First quarter of 2019 bad
Singapore’s economy grew by 1.2 percent in the first quarter of this year.
This is the lowest growth rate in nearly 10 years, performing worse than the government’s flash estimate.
Surrounding countries less impacted
Singapore’s projected performance this year falls below the 4.8 percent growth forecast for the year across the region.
Out of six Southeast Asian countries tracked by the institute, Singapore will face the sharpest predicted slump among Indonesia, Malaysia, the Philippines, Thailand and Vietnam.

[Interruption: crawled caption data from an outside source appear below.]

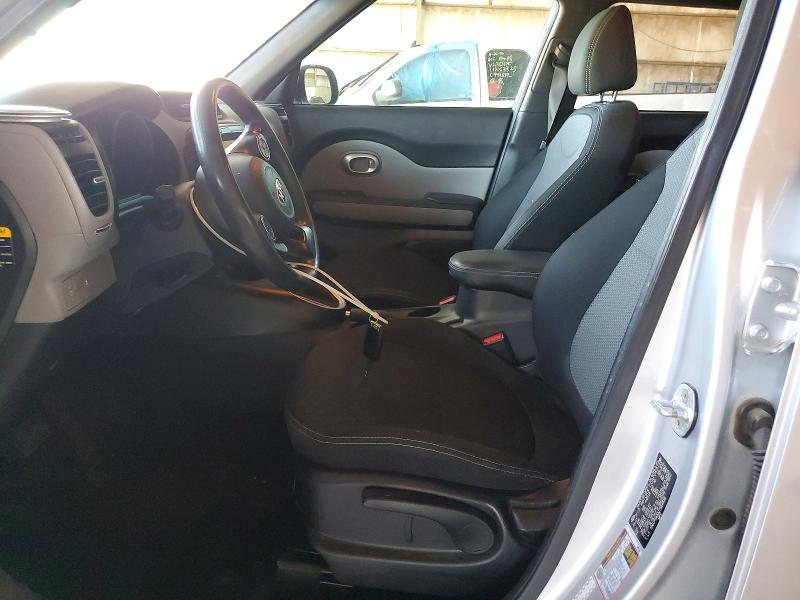 Aukcja sprzedaży 2018 Kia Soul, vin: KNDJP3A53J7564858, numer aukcji: 58095856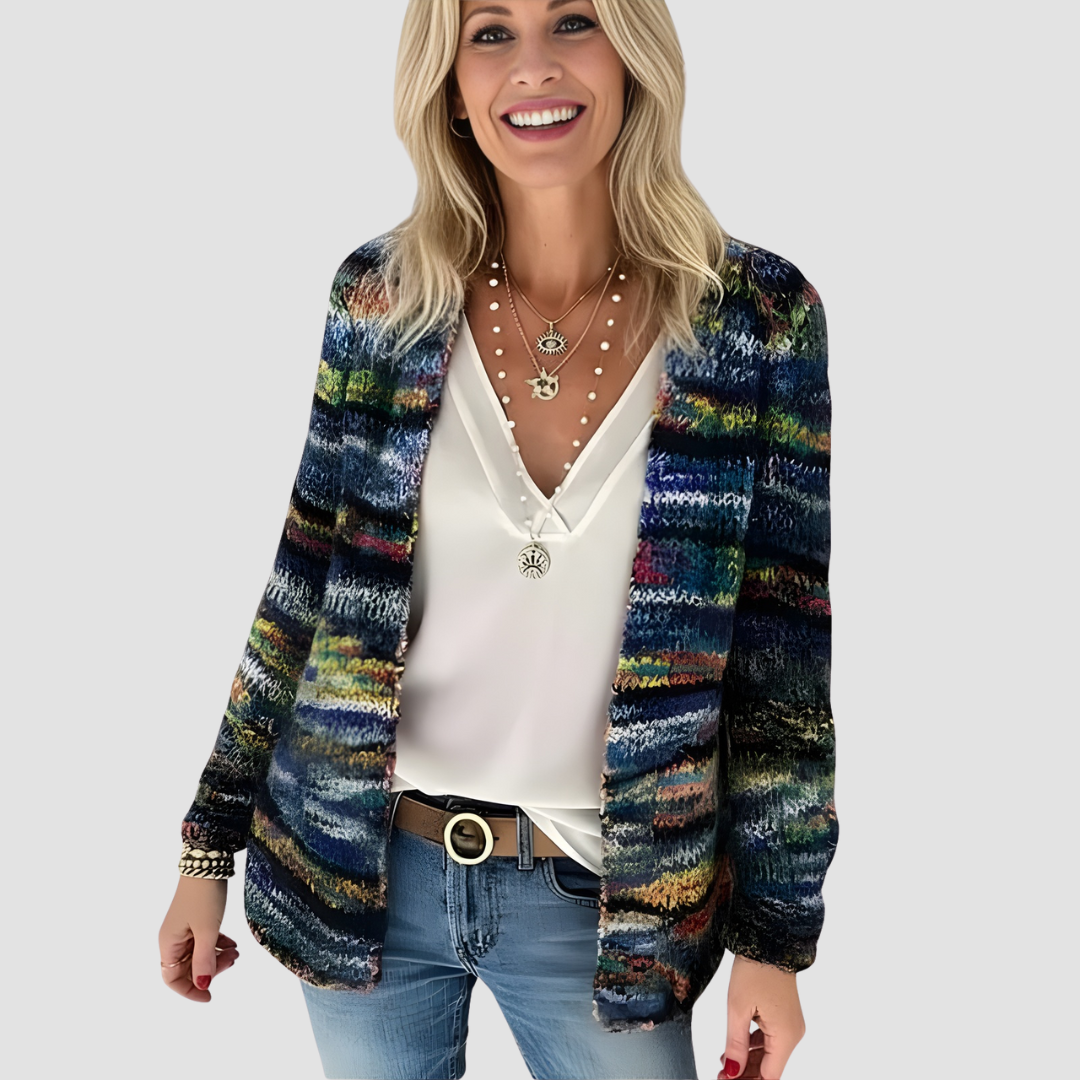Kimberly | Stylish & Comfortable Cardigan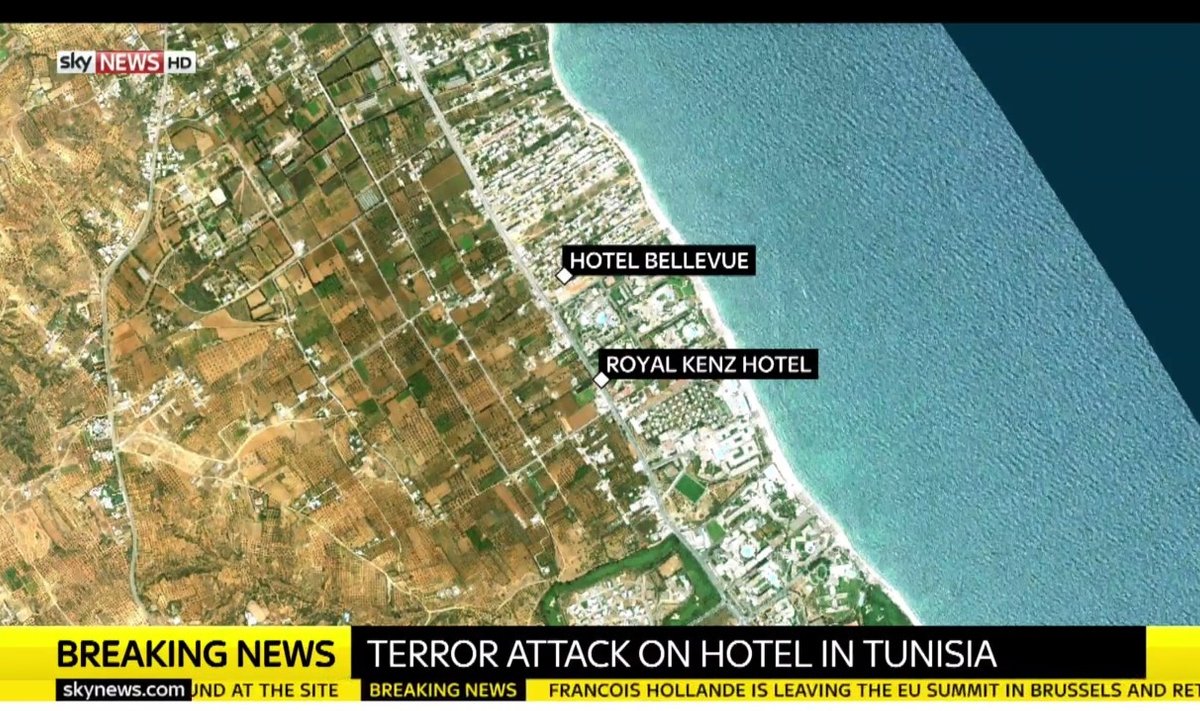 Tuneesia terrorirünnak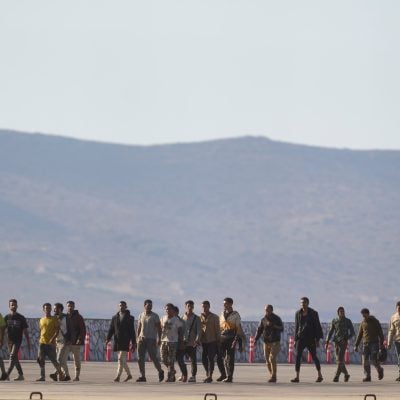ΟΗΕ: Νεκροί ή αγνοούμενοι 7.900 μετανάστες σε όλο τον κόσμο το 2025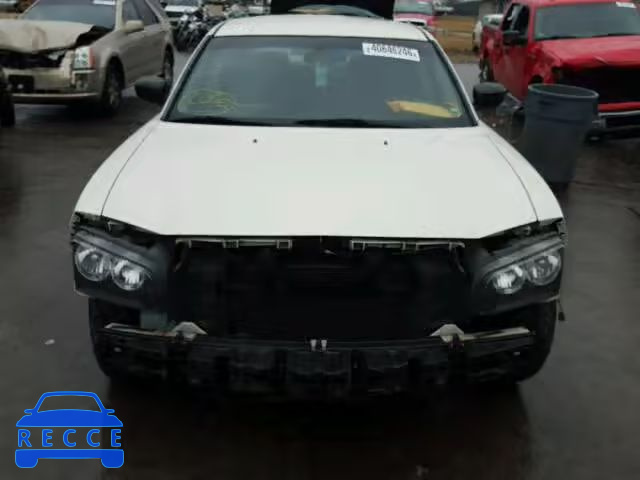 2007 DODGE CHARGER SE 2B3KA43G97H763373 image 9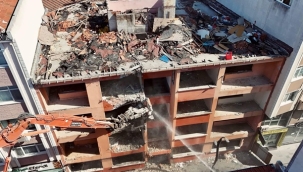 Silivri Belediyesi'nden Kentsel Dönüşümde Bir Adım Daha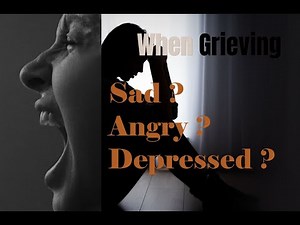 Understanding Grief - Safer, Easier, Healthier way to grieve #grieving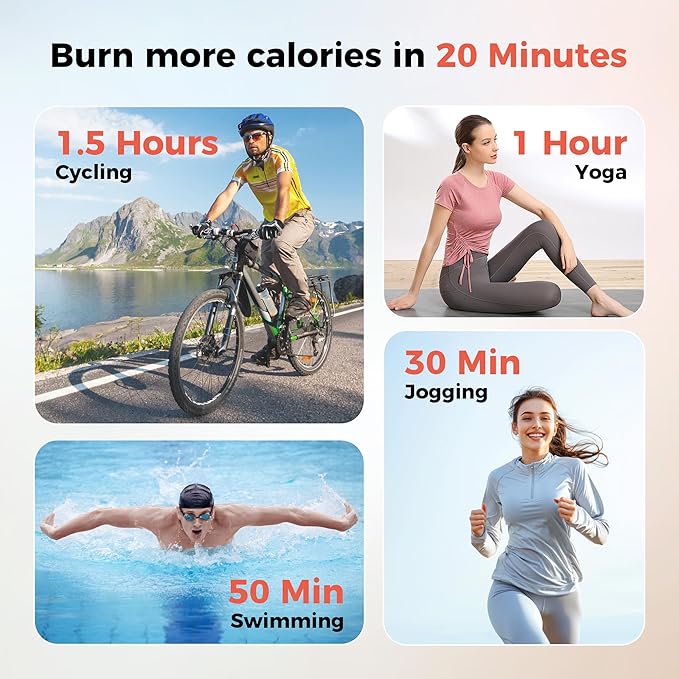Stair Stepper for Home,Compact Folding Cardio Stair Climber for Full-Body Workout,Perfect for Women Men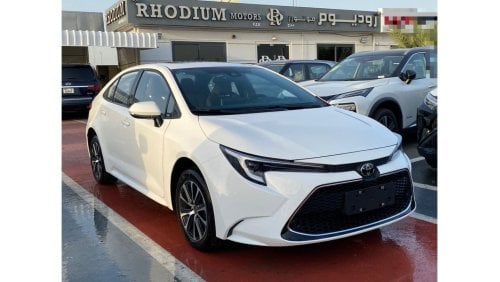 تويوتا ليفين TOYOTA LEVIN 1.2L PETROL TURBO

ICAEW’s 2019 forecast for Singapore comes within the Ministry of Trade and Industry’s prediction of 1.5 to 2.5 percent gross domestic product (GDP) growth announced in May 2019.
Vital signs weakening
There is a risk things could go south if external conditions further deteriorate.
The ICAEW report gave several reasons for a possible slowdown, as cited by Today:
• Singapore’s open and trade-dependent economy has been dented by trade protectionism in U.S. and China. This has been compounded by weaker global trade. Exports were 2.1 percent lower in the first quarter of 2019 than in the same period in 2018, mainly due to a sharp fall in goods exports.
• The outlook for exports remains downbeat, as the U.S. and China continue imposing tariffs. Both countries rank among Singapore’s largest trading partners.
• Electronics manufacturing sectors here are affected. Investment in machinery and equipment fell and firms have opted to reduce stocks.
• Singapore is affected by lower imports demand from China. China’s domestic economy has been generally slowing down since 2016, made worse by the trade war.
A recession hitting Singapore is not a certainty, as the country still has some strong fundamentals.
• Singapore’s domestic demand, which includes household spending and the construction industry, has remained resilient and could offset the fall in trade. Ongoing public infrastructure projects such as the 21.5km North-South Corridor by the Land Transport Authority are in the works. However, the growth of residential construction activities has eased, and demand for durable goods such as motor vehicles have weakened.